Career Advice and Job News

On rejection.

I have the privilege of walking with my clients during some of the highest and lowest moments of their lives.  The “I got the job” client phone call never gets old.  As much as I’d love to tout that every single one of my clients lands their dream job after a few appointments with me, that’s just not a possible reality.  There are inevitable setbacks. Orville Pierson, the author of "The Highly Effective Job Search"  found that the average job seeker is rejected by 24 decision makers before hearing “yes”. 

About three months ago I started working with a client with a 2-year employment gap.  He was extremely motivated to find a meaningful job.  When he had the chance to interview for a “dream” position we were both optimistic.  He made it to the 3rd round.  All he heard during the interview process affirmed that he was the right candidate for the job.

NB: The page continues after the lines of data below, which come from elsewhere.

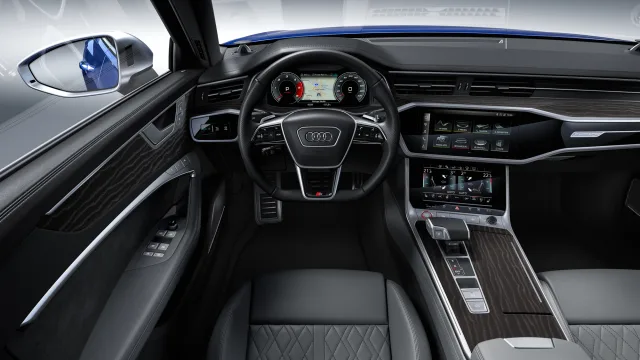 Audi S6 (Ауди С6) седан — 19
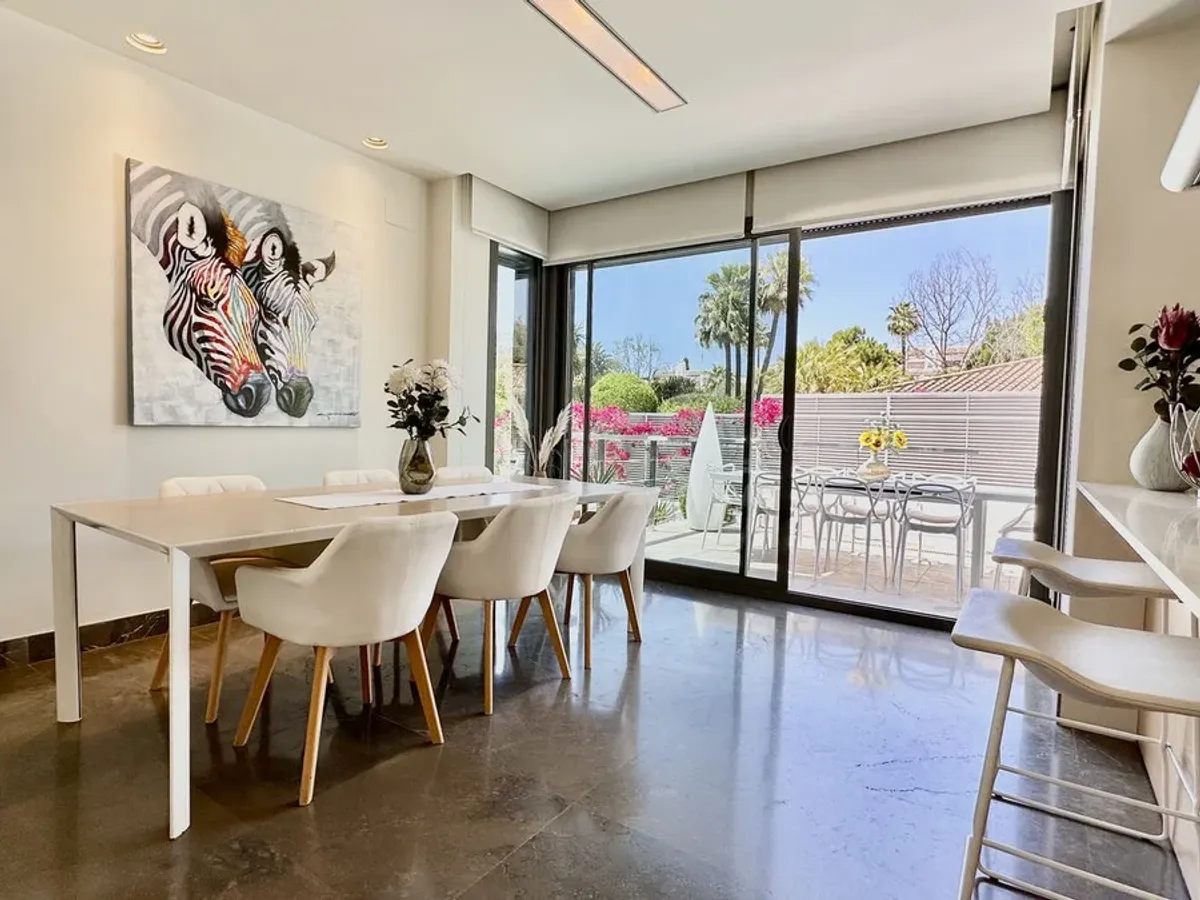 Detached Villa in Nagüeles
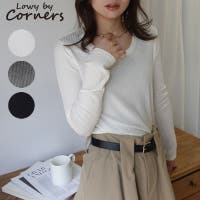 CORNERS （コーナーズ）のトップス/カットソー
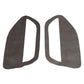 2005-2009 Ford Mustang Door Panel Armrest Cover - Black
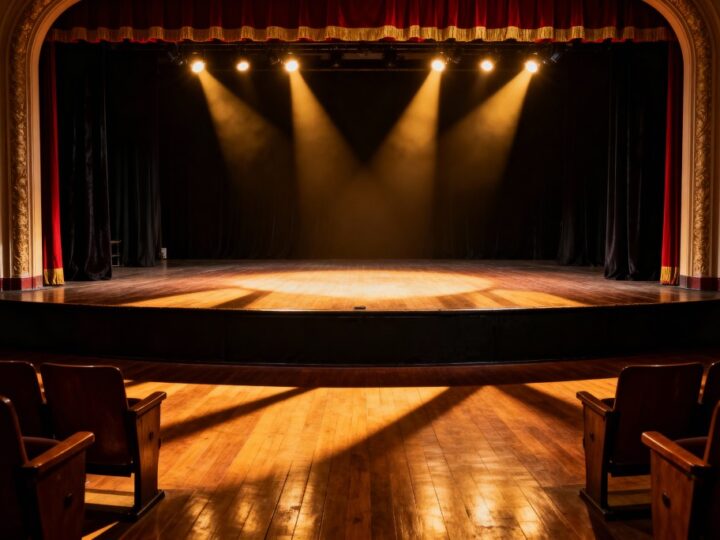 80 lat Teatru Syrena: Muzyczne święto historii i pasji!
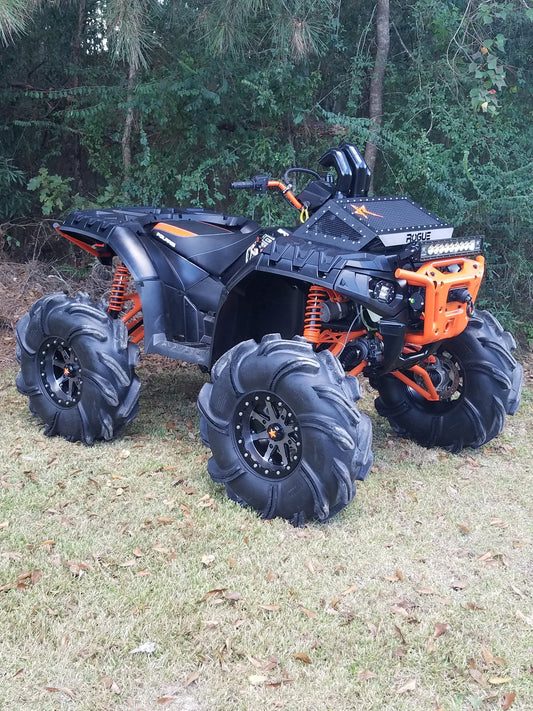 Sportsman Highlifter Edition 850/1000 Radiator cover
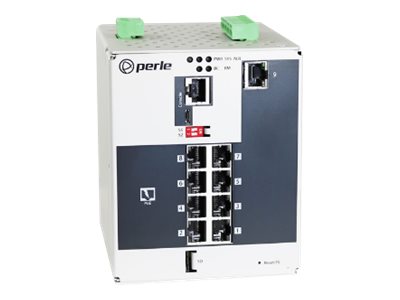 Perle IDS-509PP8-XT - Switch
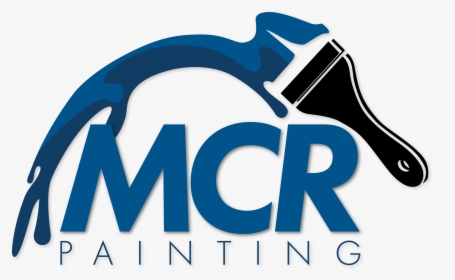 Mcr Painting Logo, HD Png Download, Transparent PNG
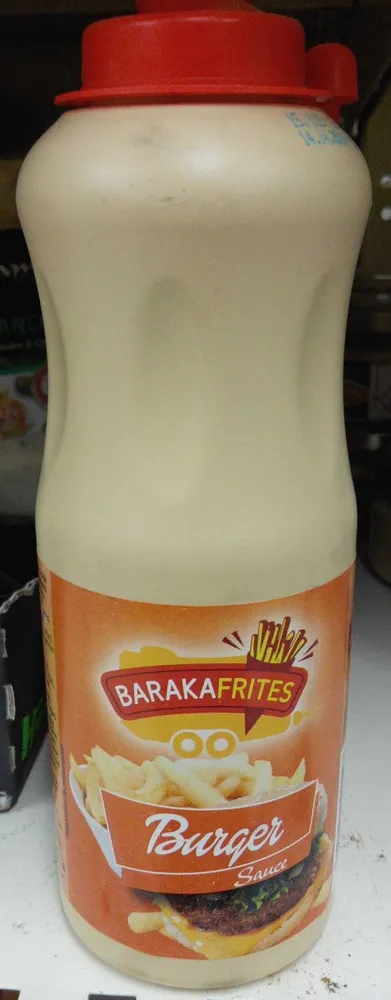 Burger Sauce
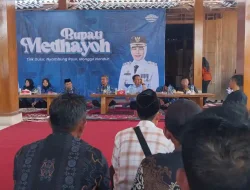 Medhayoh Bupati Bojonegoro, Chusaifi Ivan: 25 Titik Infrastruktur Dikerjakan di Tambakrejo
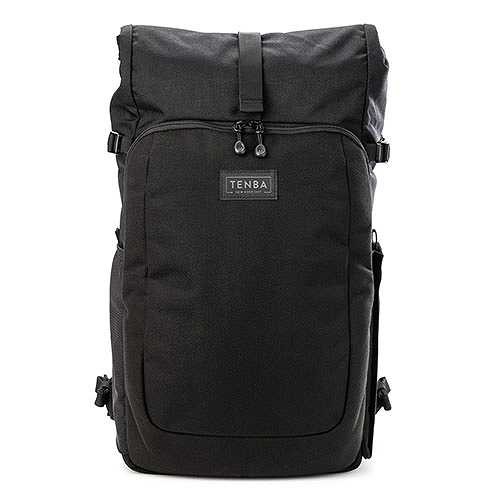 TENBA Fulton v2 16L Backpack バックパック - Black 黒 V637-736 (倉庫AN)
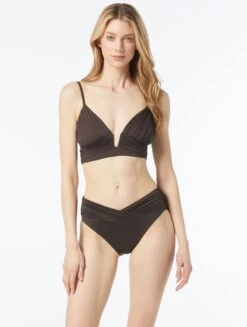 MICHAEL Michael Kors V-Wire Bikini Top - Solids 10 MICHAEL Michael Kors V-Wire Bikini Top - Solids -BCBGMAXAZRIA Shop MM2R055 212 9be9b3ec f7e1 43fd b128 bad2345206c9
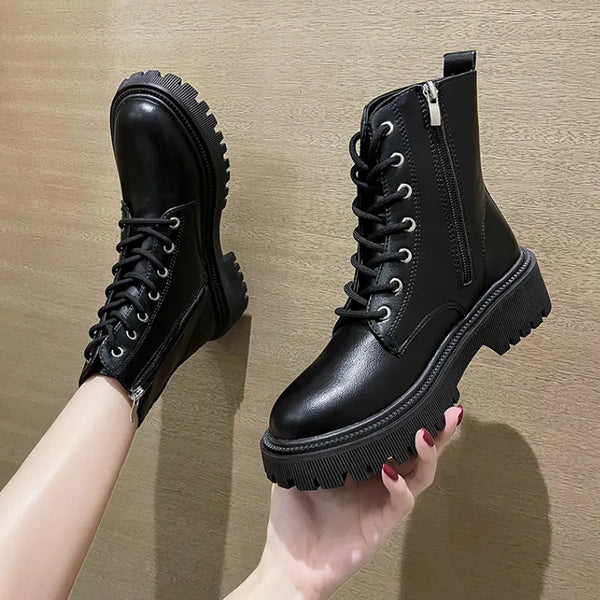 Short Boots NOA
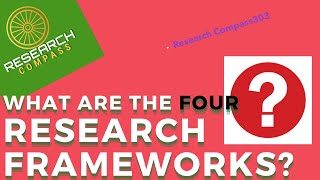 Research Frameworks for a Dissertation  Theoretical  Conceptual  Methodological  Analytical [upl. by Livvyy]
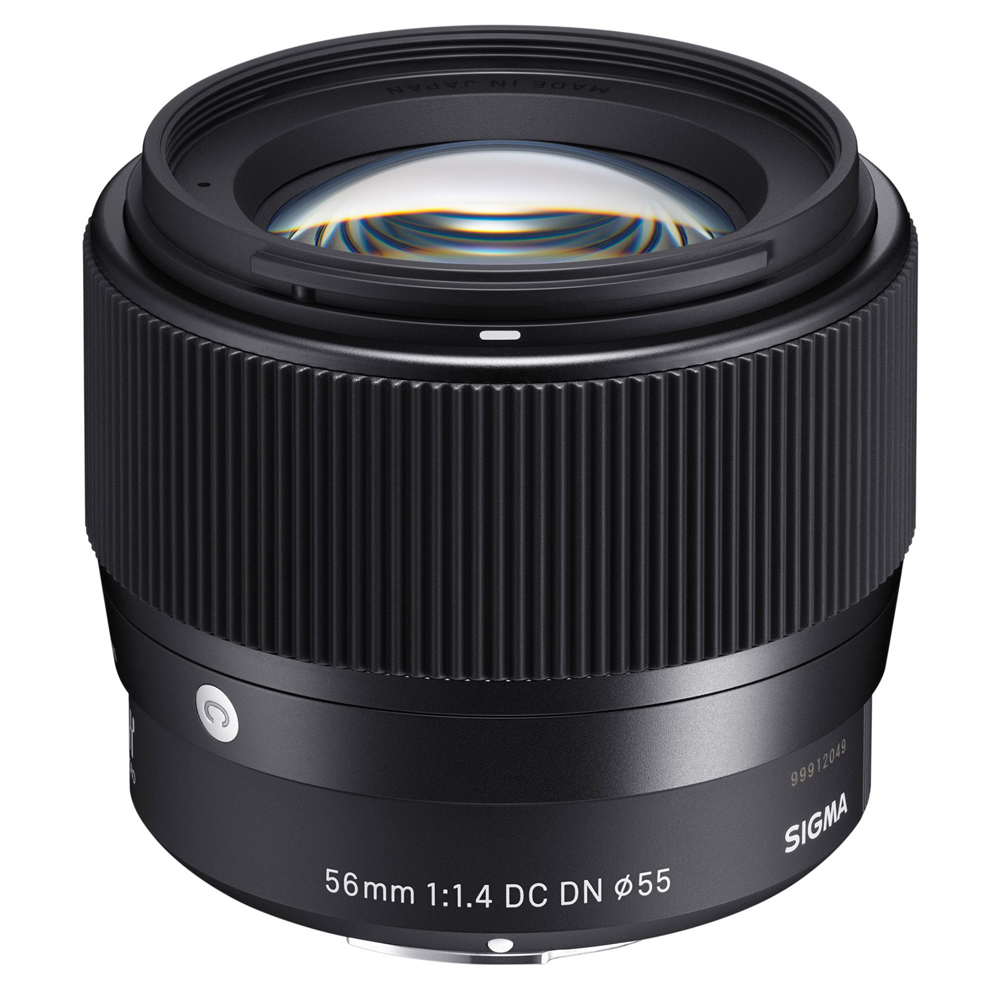 Sigma - 56/1.4 DC ASP IF DN E-Mount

And then—he did not get the job. 

It stung. Big.

If you are entering a job search, you—like my client—have the choice every day. You have the choice to mentally reframe rejection.  You can either take it personally (“they just don’t like me”) or you could think of this rejection as one step closer to hearing a yes.  Maybe they didn’t fill the role?  Maybe the position would not have been the right fit? 

There are also some practical things to do after hearing a “no”:

-        Write a thank you note—and make it influential. Writing a thank you note is something you should do anyways, but writing one after a rejection shows professionalism.  Communicate to the hiring manager that you can step up to the plate if given another chance.  While an influential thank you note may not help you land the job, it will tell the hiring manager that you have class, persistence and resilience: traits that may keep you on the short list for future jobs.

-        Send a connection request to the hiring manager on LinkedIn. This is a great way to maintain long-term contact.

-        Reflect on the feedback you received.  Often, hiring managers send a vague or form rejection to candidates.  Sometimes, hiring managers take the time to personally call the candidate and offer a reason for moving forward with someone else. If you receive any feedback, take some time to process it.  Could you have been more prepared?  Did you try to build rapport or connect with the manager during the interview?  Should you apply again in a year once you have more experience under your belt?

-        Keep on keeping on.  Consider Mr. Pierson’s research.  Was this your first rejection or your twelvth? If you are not satisfied with your track record, consider revising your approach.  Spend time vetting your skills for specific positions.  Tailor your resume and cover letter for each application.  Do some informatonal interviews.

For future job searches, consider Joseph Liu’s approach described in Fast Company, "Stay committed without getting attached".  He considers commitment and attachment linked but two distinct thing.  “Commitment means being dedicated 100% of the time” while  attachment is “when all of my energy is consumed with end results”. He recommends distancing yourself from outcomes and focus instead on the process of reaching them.